In the third act a child came out, a boy of about three years of age, and my first impulse was to be critical of the structure of the play, of Puccini's decision to hide this child from us for so long. But he was a beautiful boy, with hair of a colour no Japanese child's could be and a way of walking across the stage that beguiled me with its innocence and its unselfconsciousness. The American sailor came back after all, not for Miro, whose wretchedness had compelled her to sleep at the very moment of his return, but with his big American wife, and in order to take the child away, in order to claim the boy so that he could grow up in a wider and more profitable world.

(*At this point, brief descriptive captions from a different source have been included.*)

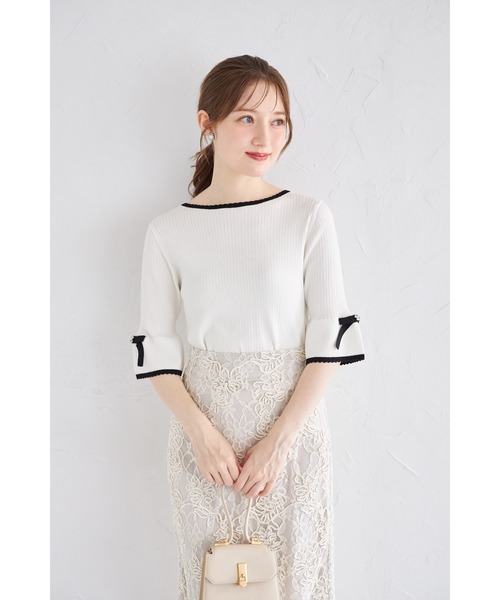 tocco closet(トッコ クローゼット)の「リボン付きスカラップバイカラーニットプルオーバー(ニット/セーター・レディース・オフホワイト/グレー/ベージュ・M)」の7枚目の写真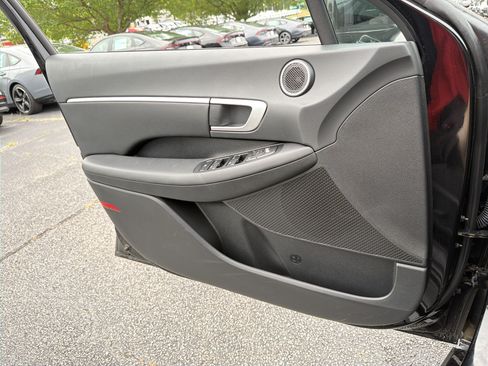 Used 2024 Hyundai Sonata SEL w/ Convenience Package FWD image 15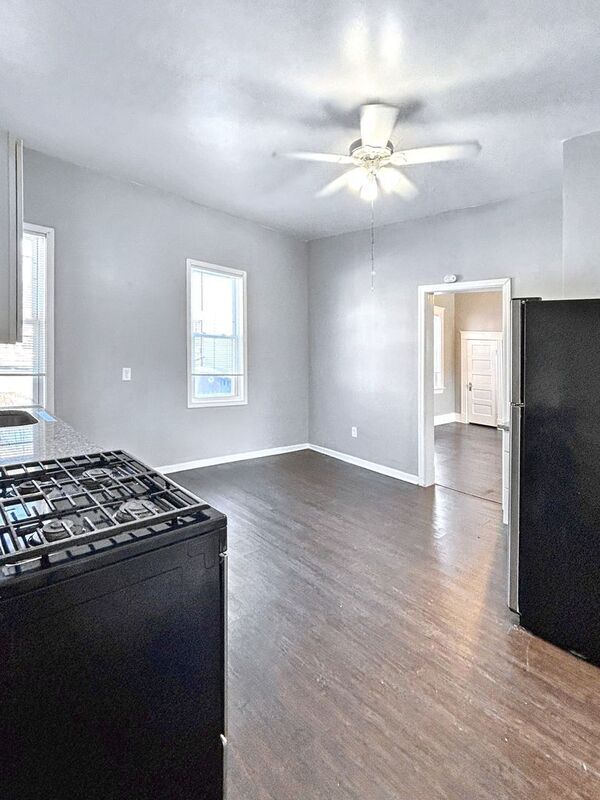 Building Photo - 1986 W 54th St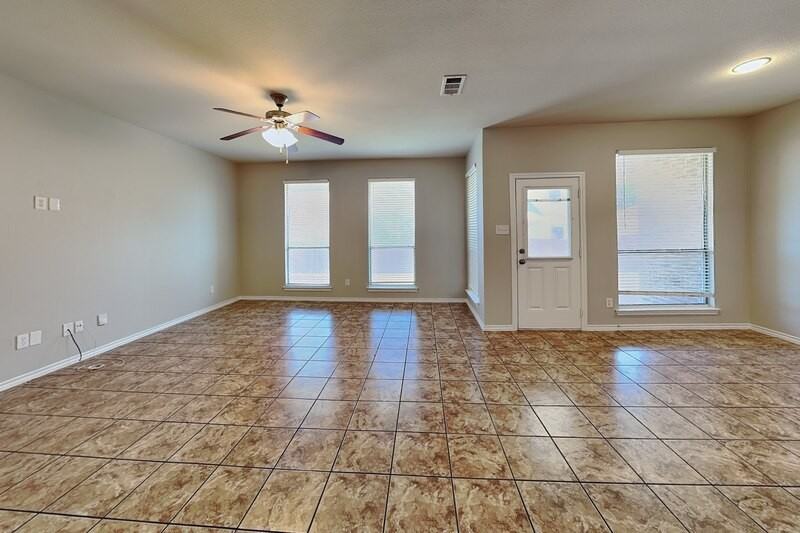 7601 Yearling Way - Photo 2 of 23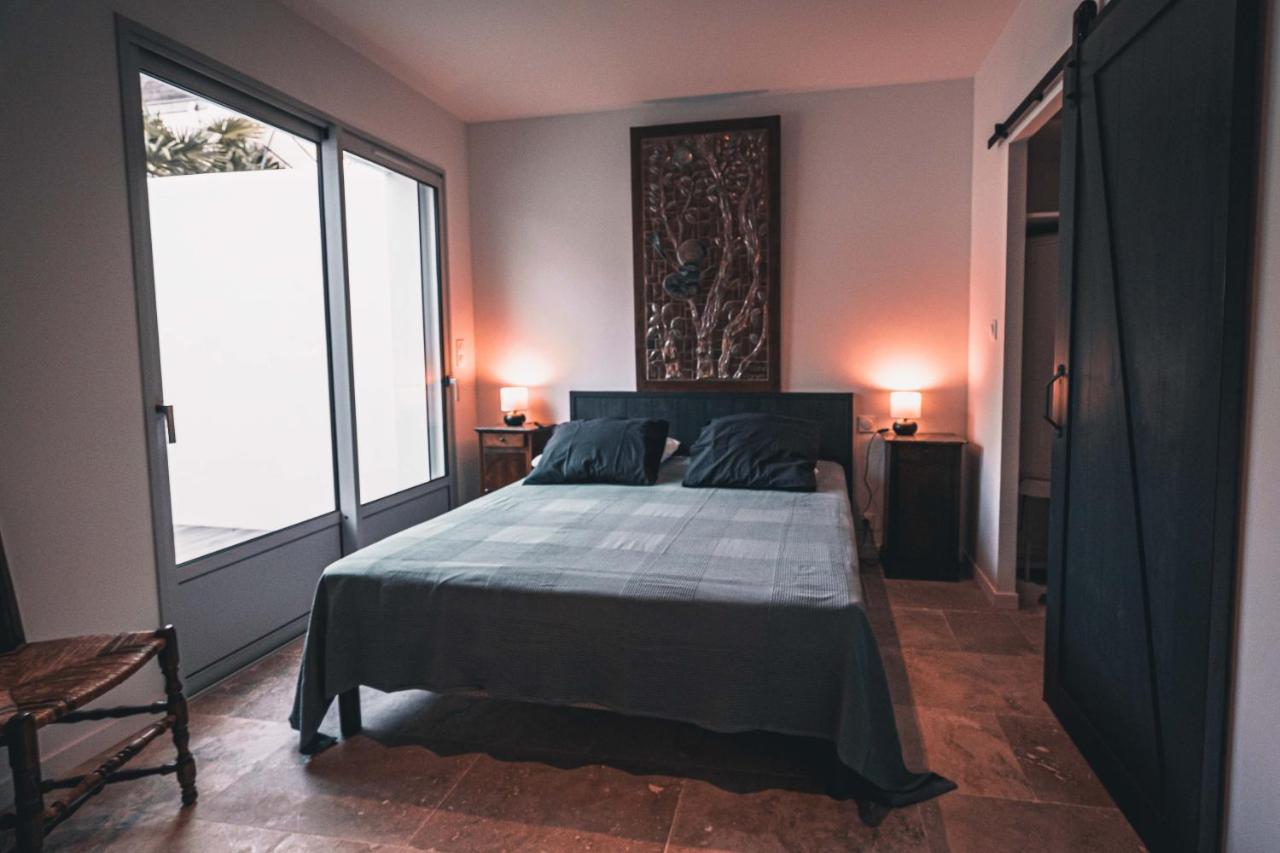 Appartement Avec Cour Privee Centre Ville Classe 4 Etoiles Remparts 1 La Rochelle  Luaran gambar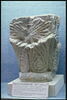 Chapiteau d'angle à décor végétal, image 2/3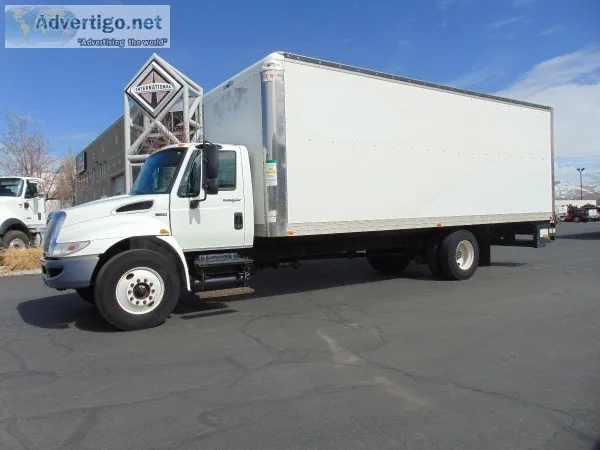  14 International 4300 Auto 26  Van Body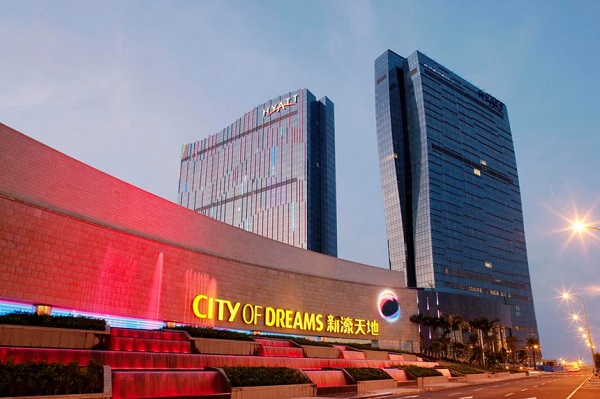 City of Dreams: City of Dreams là điểm đến đầu tiên của những con bạc lớn khi ở Macau, nơi có một trong những sòng bạc được thiết kế tốt nhất thành phố. Bên cạnh đó, các nhà hàng, khách sạn xa hoa ở đây cũng góp phần giúp City of Dreams trở thành một trong những sòng bạc sang trọng ở Macau. Ảnh: Tripsavvy.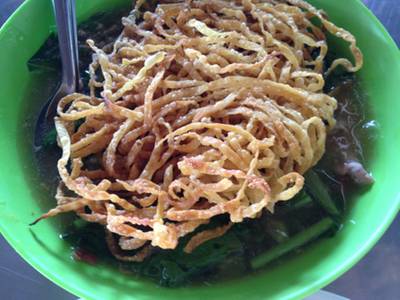 ราดหน้าหมี่กรอบ ที่ ร้านอาหาร แพวัดแหลม ราดหน้าหมี่กรอบ ที่ ร้านอาหาร แพวัดแหลม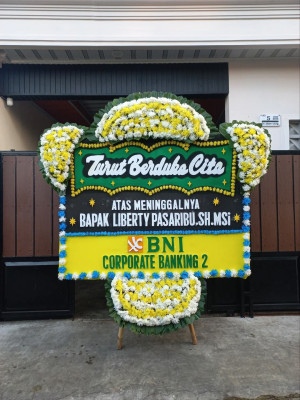 Papan Bunga Duka di Supiori Barat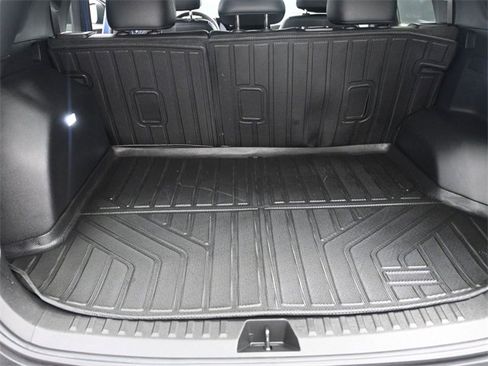 Used 2025 Chevrolet Equinox RS image 12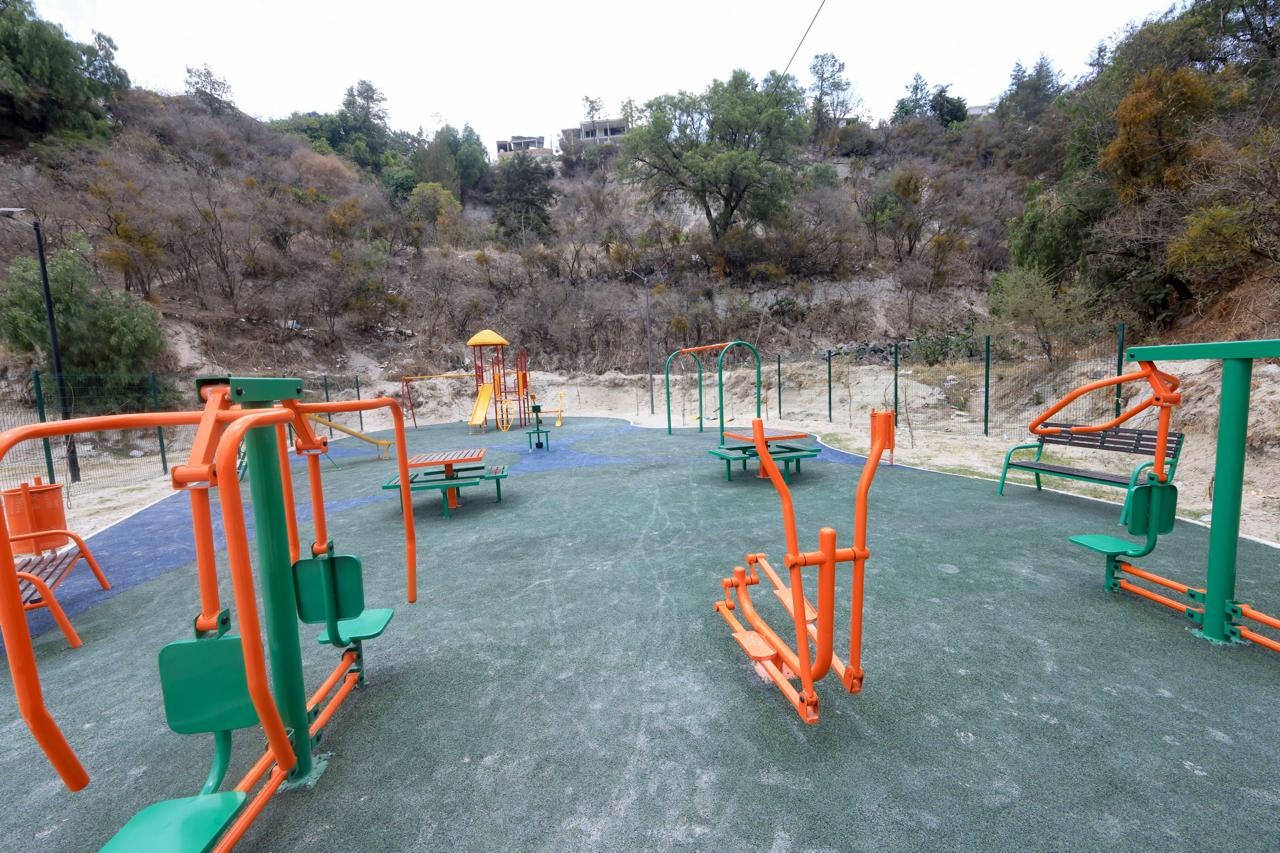 Gobierno municipal emite licitación para reparar juegos infantiles y ejercitadores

When Miro awoke and sang her final aria, a farewell to her beautiful child and to her awful existence as well, I thought she would sing
“Un bel dì”
one more time. I wanted her to, I wanted once again to feel it soar from my heart, but she did not. The orchestra let the slightest strain of it seep into the song she did sing, a glorious echo, but that high and golden note did not come out to waft across the room and torture us again. It couldn't, of course, because it had been a note of hope, and Madam Butterfly's hope was gone. And when she died, at her own hand, the audience sat stunned as the final curtain came down.

Dear God, I had not expected anything like this. I hadn't known that anything like this was possible in the world, that something like this could happen on a stage and before the naked eyes of ordinary humankind. I hadn't even wanted to come. Before the opera I had been lost—small of heart and grousing on about the scandal that my presence in the theatre would bring—but now I was at home again. It seemed to me that Miro had given the absolute performance of a lifetime and that it was directed only at me, a gift from my friend, a gift from her father's God, and, if you like, perhaps a gift from Julius Grant as well: the tragedy and drama of Madam Butterfly's life and my own life, there on the stage for everyone to see.

It took the audience a long time to begin to applaud, but once it started it simply wouldn't stop. When the American sailor and his friend came out there was a surge in the clapping and when Madam Butterfly's maid came out there was more, but when Miro reappeared, gorgeous and exhausted, such a roar went up from the throats of the people behind me that I nearly turned to see if something else had happened that was causing it. Miro bowed and stood and bowed again, and as I watched her, I could see Madam Butterfly leaving through the room's thin air. Flowers came from everywhere, falling across the entire stage floor, and when Miro's father went forward with a bundle of his own, who knows where he got them, the audience went wild again, one last adoring surge, before it remembered itself and stood and filled up the aisles and headed for the doors.